ASSIGNED TASK => In this exercise, return the whole listing exactly, excluding any images.

RAW DATA =>

########################################

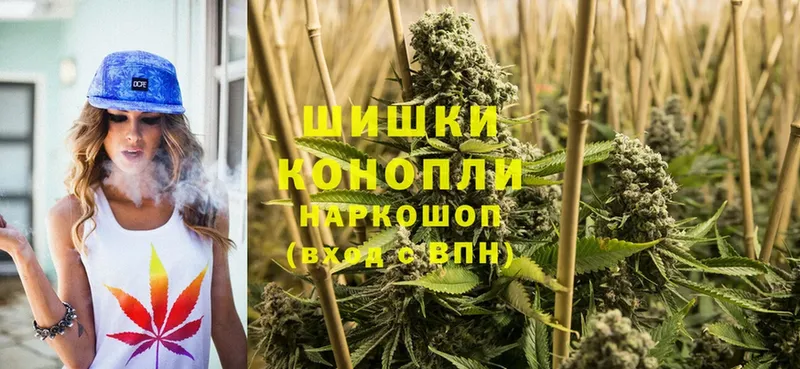 Бошки Шишки Ganja  купить закладку  Всеволожск 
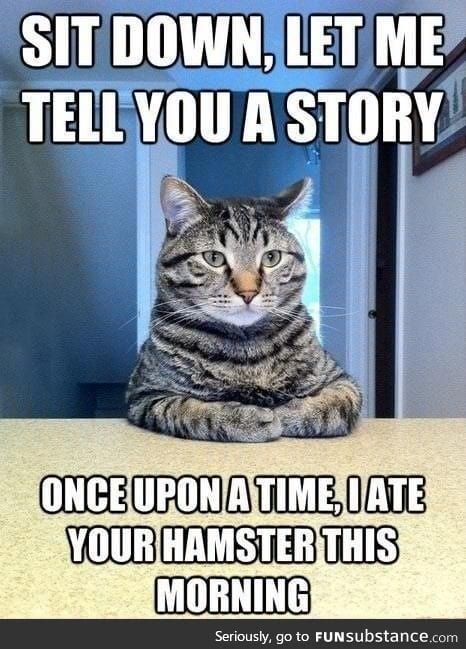 Cat's story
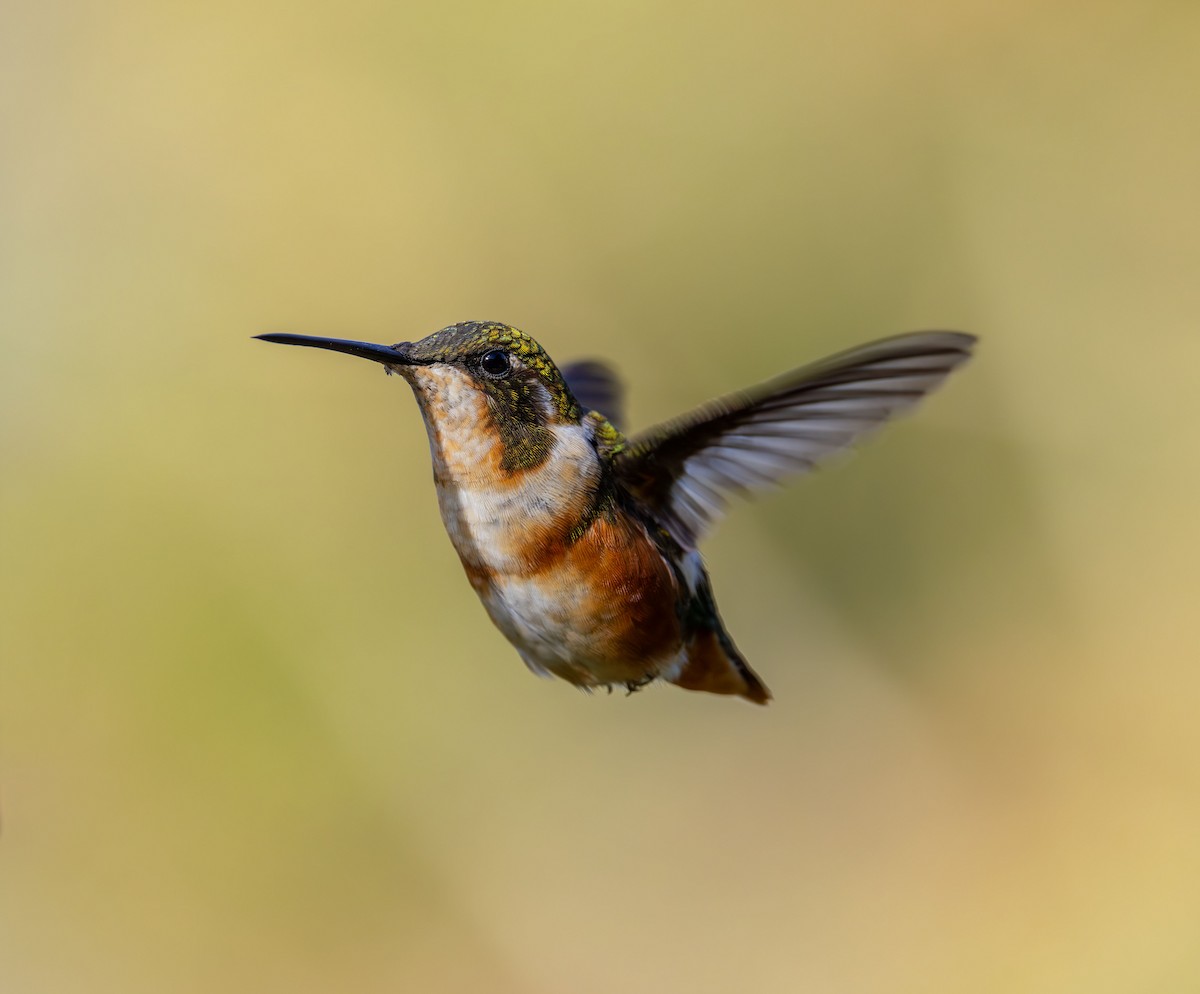 White-bellied Woodstar - ML642041228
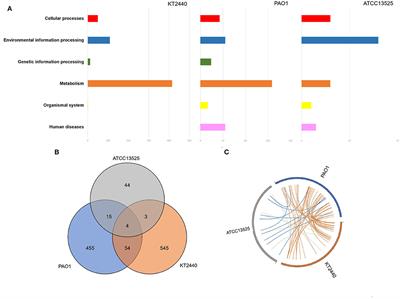 Determining the Different Mechanisms Used by Pseudomonas Species to Cope With Minimal Inhibitory Concentrations of Zinc via Comparative Transcriptomic Analyses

########################################

RESULT OF THIS EXERCISE =>
 Бошки Шишки Ganja  купить закладку  Всеволожск 
 Cat's story
 White-bellied Woodstar - ML642041228
 Determining the Different Mechanisms Used by Pseudomonas Species to Cope With Minimal Inhibitory Concentrations of Zinc via Comparative Transcriptomic Analyses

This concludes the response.